Zig64

Baby Steps
Login

Baby Steps

Yesterday I published the source code (and a demo video) for what's, to my knowledge, the first ever Nintendo 64 ROM written in Zig (and also the first N64 ROM built using Zig's build system). Naturally, it doesn't do much yet; it only prints a hello-world-equivalent debug message (either over a SummerCart 64's USB port or in the debug output of an IS-Viewer-compatible emulator), and writes some test bytes to DMEM. Still, we all gotta start somewhere!

In this post I aim to cover some of the snags I hit, how I ended up overcoming them, and some improvement points and next steps as I continue to iterate on this.

Prior art

Like I said, as far as I know this is uncharted territory; I've searched online for existing examples of Zig running on an N64 and found none. From what I can find, there were (prior to yesterday) exactly four (maybe five) ways of going about writing N64 software:

The fact that Rust was indeed an option made it clear that LLVM (and therefore Zig) ain't out of the running. Nonetheless, while there's certainly an exciting feeling about being some sort of trailblazer or whatever, but it's also kinda terrifying: it means a lot of my troubleshooting process entailed translating from these other programming languages, studying the documentation compiled over the years on the N64 hardware, and in a lot of cases making (un)educated guesses and seeing what worked and what didn't.
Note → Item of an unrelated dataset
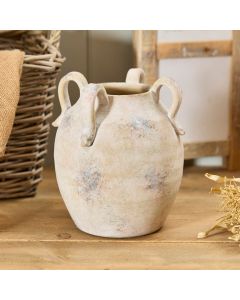 TERRACOTTA RUSTIC FINISH ROUND VASE WITH DECORATIVE HANDLES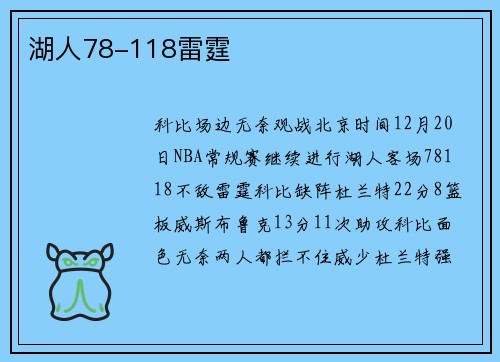 湖人78-118雷霆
Still, even if the intersection of Zig and the N64 is uncharted territory, there are plenty of resources (in addition to the above) that were helpful in figuring things out:

Windfalls

In a lot of ways, targeting the N64 is surprisingly easy with Zig. My first pass at this (as you can see in the src.borked/ folder) ultimately didn't pan out (yet), but even with that utter failure of an example, Zig's build system was readily able to output something vaguely resembling an N64 ROM. Generating code was really as simple as setting the right target query in build.zig, like so:

const n64_target_query = std.Target.Query{
    .cpu_arch = std.Target.Cpu.Arch.mips,
    .cpu_model = .{.explicit = &std.Target.mips.cpu.mips3},
    .os_tag = std.Target.Os.Tag.freestanding,
    .abi = std.Target.Abi.none,
};

// ...

const elf = b.addExecutable(.{
    .name = "zig64.elf",
    .root_source_file = b.path("src/main.zig"),
    .target = b.resolveTargetQuery(n64_target_query),
    .optimize = .Debug,
});
elf.setLinkerScript(b.path("src/n64.ld"));
b.installArtifact(elf);

With the right linker script directives it's even possible to generate the header every ROM has and shove it in front of the output binary (when it's exported into "bin" format). If it wasn't for the N64's pesky need for IPL3 bootcode in every ROM, I would've been smooth sailing. Unfortunately, trying to implement my own IPL3 right off the bat was biting off way more than I could chew, so I ended up pivoting away from that for now.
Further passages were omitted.